On Religion by Terry Mattingly

Wheels Up: Flights of Papal Candor Now the Norm

After avoiding "culture wars" quotes and fiery headlines during his historic U.S. visit, Pope Francis finally offered his blunt opinion about believers being asked to abandon their faith -- or else.

In doing so, he chose to reference an epic medieval poem that describes Muslims being forced to choose between Christian baptism and death. Or was that really what he was talking about on that flight to Rome?

On the flight, Terry Moran of ABC News asked if Francis supported individuals "who say they cannot in good conscience ... abide by some laws or discharge their duties as government officials, for example in issuing marriage licenses to same-sex couples?"

Pope Francis said he could not address all such cases, thus avoiding a direct reference to Kim Davis, the Kentucky county clerk who secretly met with the pope in Washington, D.C.

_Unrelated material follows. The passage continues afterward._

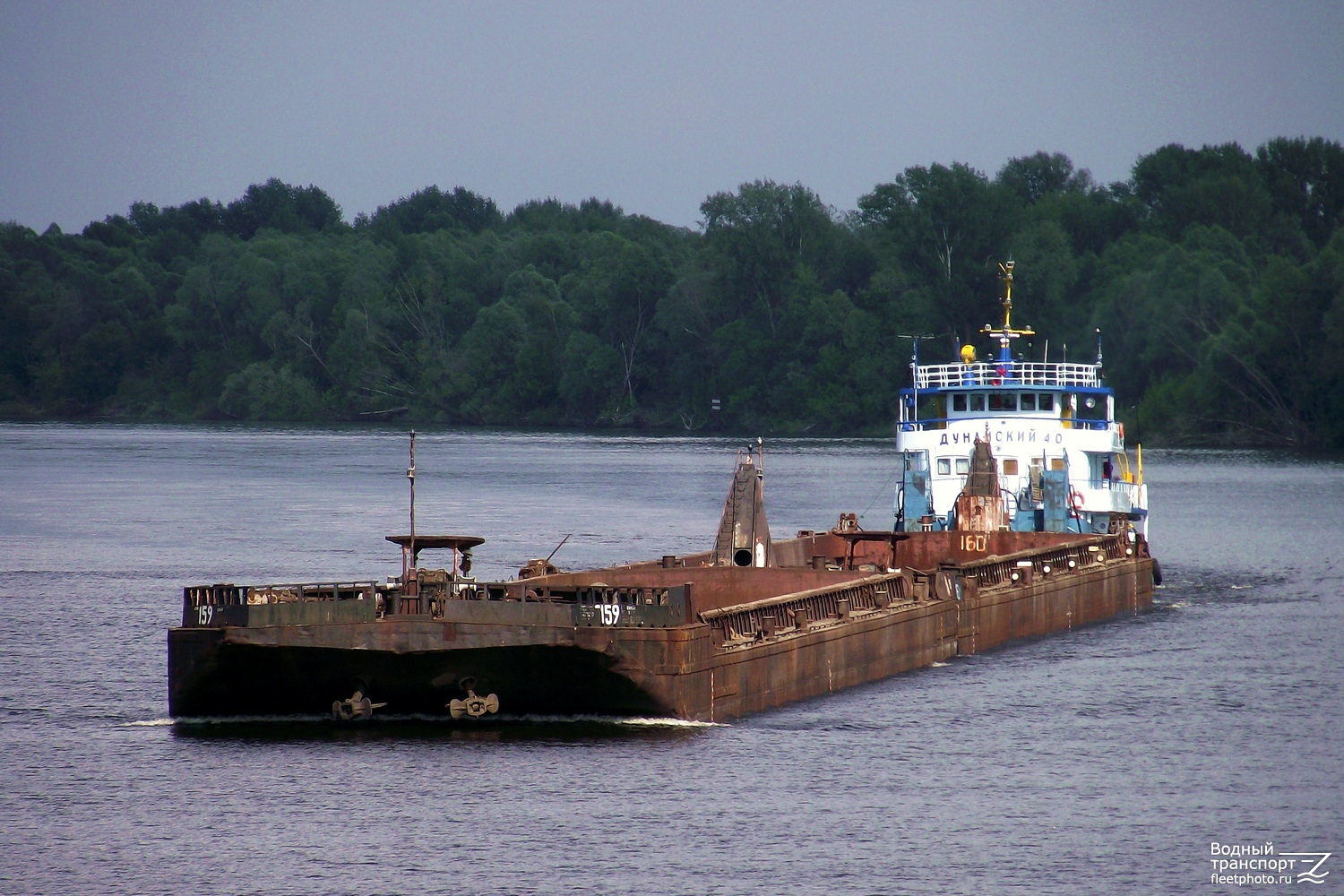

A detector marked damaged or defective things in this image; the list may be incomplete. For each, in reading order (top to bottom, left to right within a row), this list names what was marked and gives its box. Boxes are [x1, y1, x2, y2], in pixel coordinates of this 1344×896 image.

rusty barge hull [168, 531, 1156, 719]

"If a person does not allow others to be a conscientious objector, he denies a right," said Francis. "Conscientious objection must enter into every juridical structure because it is a right, a human right. Otherwise we would end up in a situation where we select what is a right, saying 'this right has merit, this one does not.' ...

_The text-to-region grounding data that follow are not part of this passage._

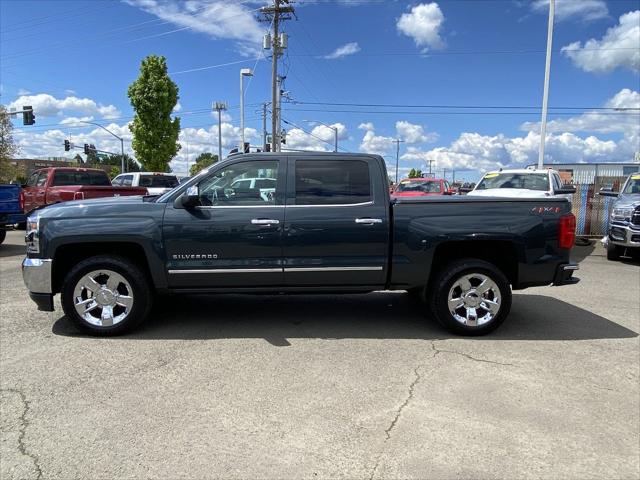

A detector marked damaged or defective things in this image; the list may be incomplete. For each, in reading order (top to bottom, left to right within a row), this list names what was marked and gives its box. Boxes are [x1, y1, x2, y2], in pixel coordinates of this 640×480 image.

crack in asphalt [430, 340, 516, 366]
crack in asphalt [1, 388, 42, 478]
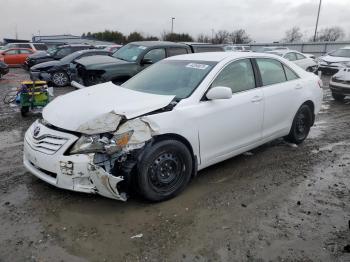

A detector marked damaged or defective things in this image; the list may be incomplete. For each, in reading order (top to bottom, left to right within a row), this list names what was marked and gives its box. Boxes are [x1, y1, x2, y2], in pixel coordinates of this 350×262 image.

broken front bumper [23, 121, 127, 201]
damaged headlight area [69, 130, 134, 155]
dented hood [43, 82, 175, 134]
damaged white car [22, 52, 322, 202]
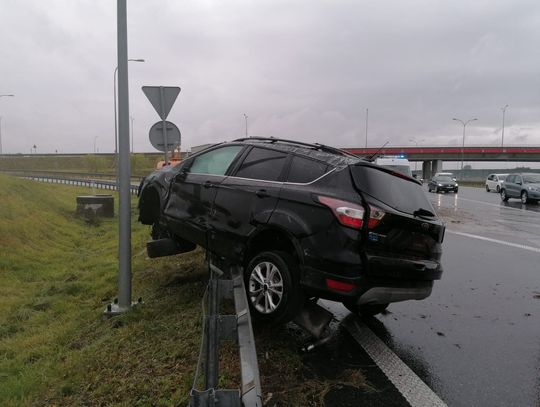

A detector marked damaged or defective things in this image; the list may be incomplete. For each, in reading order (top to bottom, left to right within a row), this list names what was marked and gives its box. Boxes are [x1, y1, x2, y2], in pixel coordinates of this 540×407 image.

crashed black suv [137, 139, 446, 324]
damaged car body [139, 139, 448, 324]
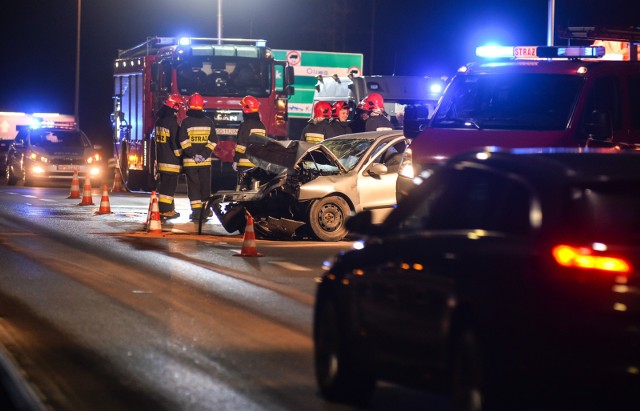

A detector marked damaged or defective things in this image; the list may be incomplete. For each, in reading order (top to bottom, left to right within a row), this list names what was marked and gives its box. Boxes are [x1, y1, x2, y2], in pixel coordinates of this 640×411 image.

severely damaged car [202, 131, 408, 241]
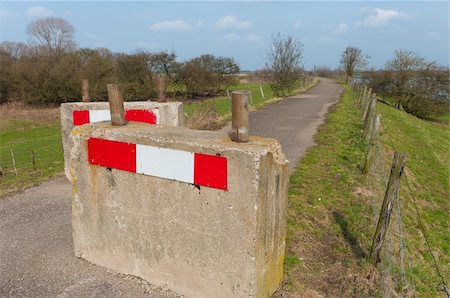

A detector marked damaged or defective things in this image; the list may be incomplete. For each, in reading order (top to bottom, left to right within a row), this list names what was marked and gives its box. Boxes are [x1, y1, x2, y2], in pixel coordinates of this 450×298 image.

rusty metal post [106, 84, 125, 125]
rusty metal post [232, 90, 250, 143]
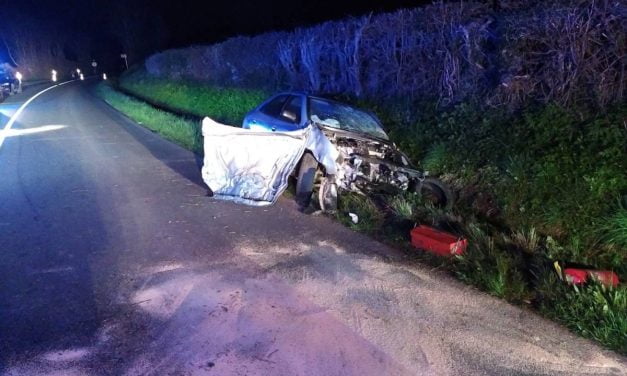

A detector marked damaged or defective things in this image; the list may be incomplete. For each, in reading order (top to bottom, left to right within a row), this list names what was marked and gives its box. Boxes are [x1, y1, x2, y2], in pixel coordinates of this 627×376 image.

crumpled hood [201, 117, 338, 206]
deployed airbag [201, 117, 338, 206]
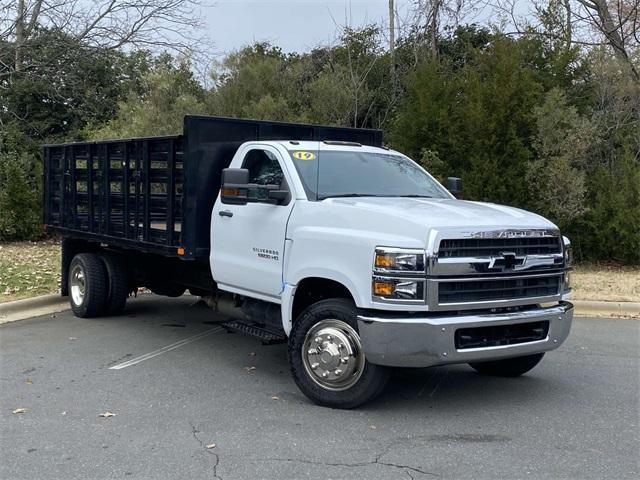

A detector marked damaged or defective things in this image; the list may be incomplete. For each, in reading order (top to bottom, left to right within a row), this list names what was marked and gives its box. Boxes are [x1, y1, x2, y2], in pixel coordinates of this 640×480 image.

pavement crack [189, 422, 221, 478]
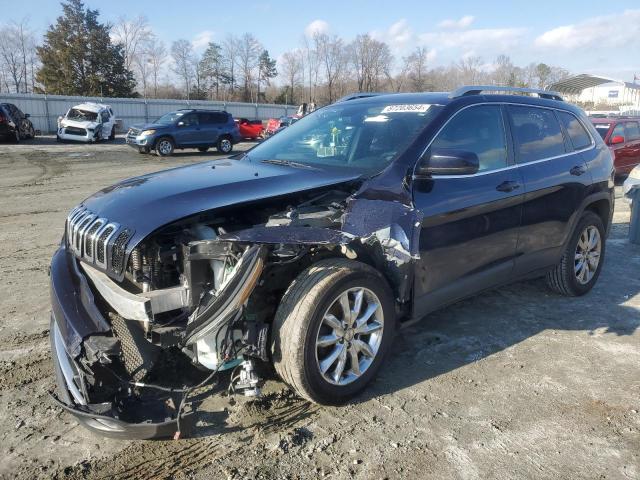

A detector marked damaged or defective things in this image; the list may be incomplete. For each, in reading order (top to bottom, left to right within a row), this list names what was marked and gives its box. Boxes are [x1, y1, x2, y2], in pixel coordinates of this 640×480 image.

crushed front bumper [49, 246, 185, 440]
damaged blue jeep suv [51, 86, 616, 438]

"If a government official is a human person, he has that right."

Rather than discuss current events, the pope added: "It always moved me when I read, and I read it many times, ... the Chanson de Roland, when the people were all in line and before them was the baptismal font -- the baptismal font or the sword. And they had to choose. They weren't permitted conscientious objection. It is a right, and if we want to make peace, we have to respect all rights."

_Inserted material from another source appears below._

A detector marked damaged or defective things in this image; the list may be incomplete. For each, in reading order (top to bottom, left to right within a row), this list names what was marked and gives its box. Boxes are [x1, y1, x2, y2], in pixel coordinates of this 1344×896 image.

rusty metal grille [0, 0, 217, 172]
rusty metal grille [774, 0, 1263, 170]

Flights of papal candor are becoming a tradition for reporters with the newsroom resources to pay business-class rates for seats on Shepherd One -- whatever plane is carrying the pope. Pope Francis made news while flying into the United States and flying home, after maintaining a disciplined focus on symbolic acts and pastoral messages while on the ground in the media-rich corridor between Washington, D.C., and New York City.

Reporters have always known that popes are open to interaction on these flights, noted veteran Vatican-beat specialist John L. Allen Jr. of the Boston Globe's Crux website for Catholic news. Popes simply have their own styles. Take, for example, Pope John Paul II -- who spoke a dozen languages.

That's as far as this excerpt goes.